Research

Molecular Neuroinfectiology

Research

Introduction

Evolutionary, pathogenic bacteria developed various adaptive mechanisms to improve their ability to invade hosts. Bacterial toxins represent one of these adaptive approaches. While some toxins destroy cells (pore-forming toxins), other modulate cellular functions. Typical representatives of the pore-forming toxins are the cholesterol-dependent cytolysins (CDC) such as pneumolysin (from S. pneumoniae), perfringolysin (from C. perfringens), listeriolysin (from L. monocytogenes) and others. The presence of these toxins leads to much more complicated disease course. The pathogenic mechanisms extend beyond the pore-forming capacity, as actin remodeling, small GTPase activation, microtubule and cell shape changes take place (Iliev et al., 2007; Iliev et al., 2009; Hupp et al., 2012). These changes play critical role for the pathogenic effects in tissues, affected by the bacterial pathogen, altering their function.

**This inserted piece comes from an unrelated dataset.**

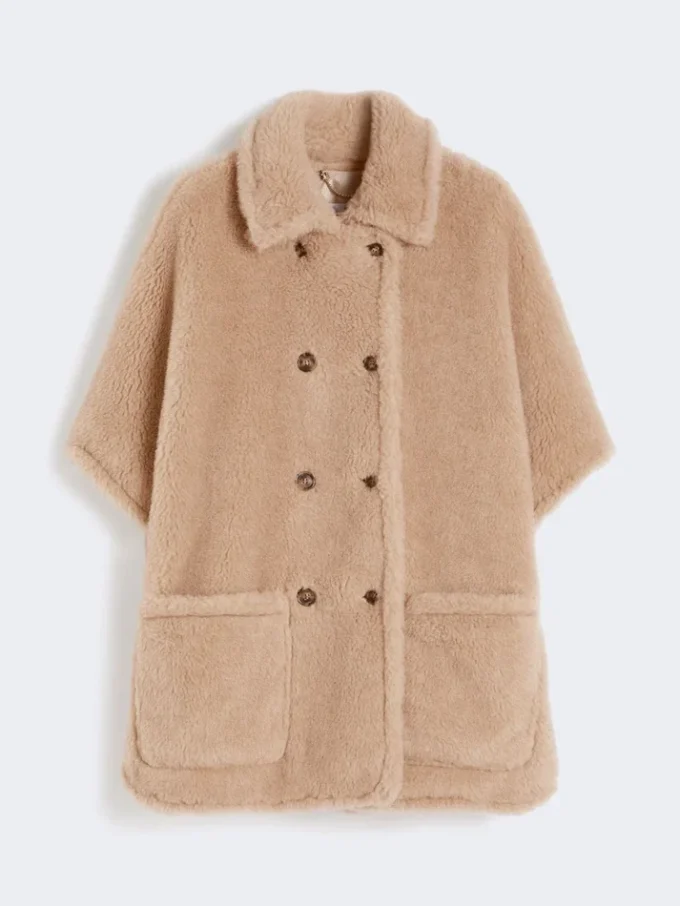 Alpaca and cashmere teddy fabric cape, beige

The major focus of our group is to clarify the mechanisms of the CDC toxin effects on cells and tissues with special interest on brain tissue – specifically the astrocytes, synapses and blood-brain barrier. We are also interested in studying how the CDC toxins of meningitis-inducing bacteria (S. pneumoniae and L. monocytogenes) orchestrate the effects of the rest of the bacterial pathogenic factors (e.g. cell-wall components, bacterial DNA, etc.) during disease progression. In the last few years, we have clarified the role of pneumolysin as a major factor that modifies the shape and function of brain astrocytes in pneumococcal meningitis, producing complex brain tissue changes (Förtsch et al., 2011; Wippel et al., 2011; Hupp et al., 2012 ). An important component of these alterations is the release of glutamate from astrocytes, leading to an NMDA-dependent synaptic loss (Wippel et al., 2013). This finding underlines the importance of synaptic protection in meningitis, as it becomes apparent that synaptic loss plays more important role in such infectious diseases of the brain as previously believed (Wippel et al., 2013).

Current projects

  • Role of listeriolysin in synaptic damage and synaptic loss in meningitis models.
  • Crosstalk among pneumolysin, cell wall components and bacterial DNA in synaptic damage and mechanisms of pharmacological modulation.
  • Toxin-orientated strategies for neuroprotection in bacterial meningitis.
  • Mechanism of glial cell modulation by toxins and pharmacological modulation.